After the loss of our cat four years ago
I had a strong feeling to visit the local shelter
and I announced this at the supper table
“I’m going to see if I can find another cat tomorrow.”
I went and looked but no kitty and I made a connection.
I had never owned a dog however
I went into the dog room for a look and
to say hello to the poor things.
One caught my eye as she looked just
like a chocolate lab – a type of dog I always liked.
I said hello to her and kept moving down the line.
Suddenly I heard a whimper and
when I turned around the chocolate lab wannabe was
bowing her head and raising her paw to me.

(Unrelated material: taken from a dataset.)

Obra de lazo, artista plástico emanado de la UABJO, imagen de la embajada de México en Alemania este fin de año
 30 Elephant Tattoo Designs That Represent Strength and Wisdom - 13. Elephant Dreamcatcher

We fell in love right then and there.
I filled out the papers and took her home!
She immediately made herself at home and part of our family.
At the end of the week she had a vet appointment.
The vet asked me
“How do you feel about puppies?”
I said “She is a spayed female…”
The vet begged to differ and 2 weeks later Ruby delivered 9 puppies!
That is the story of how Ruby came to be in my life.
The way she left my life was a shock.
Yesterday morning I got up at 5:45 and
called to her to let her out. She didn’t come.
I went to her pillow and she appeared to be asleep in her favorite position
yet “my girl my Ruby” was not asleep she was dead.
My heart & soul screamed in grief.
She was not sick had played at the park the day before
had been eating fine etc.
The night before my husband had let her out for the usual
let her in and said goodnight just like always
we had no clue!!
We never knew her exact age
but with the vet’s help we determined
she was about 6 to 8 yrs old now.
She was ours for the past 4 years.
Ruby was a great dog and I will always feel
that it was some type of divine intervention
that had sent me to the shelter that cold February day.
I was rewarded a million times over for rescuing her
and will always be thankful that I had such a beautiful dog to love.
The story of how she and I came
to be “friends”
will always be a part of our family history.
I know in time I will be comforted by memories and
to know she died peacefully in her sleep on her own pillow….
but right now my grief is very painful.
Little things are the hardest…
the leash hanging on the hook
her not being at my feet or following me constantly
her nose nudging me for a cookie…
the things that are just part of life with a dog.
I have always likened the story of Ruby and
I to a love story…and this one has a sad ending.
I have had this quote on my fridge for months.
It is by Charles Ogburn.
“Happiness to a dog is what lies on the other side of a door.”
Goodbye “My Ruby Girl.” Rest In Peace.
for reading my words and
allowing me some release for my grief.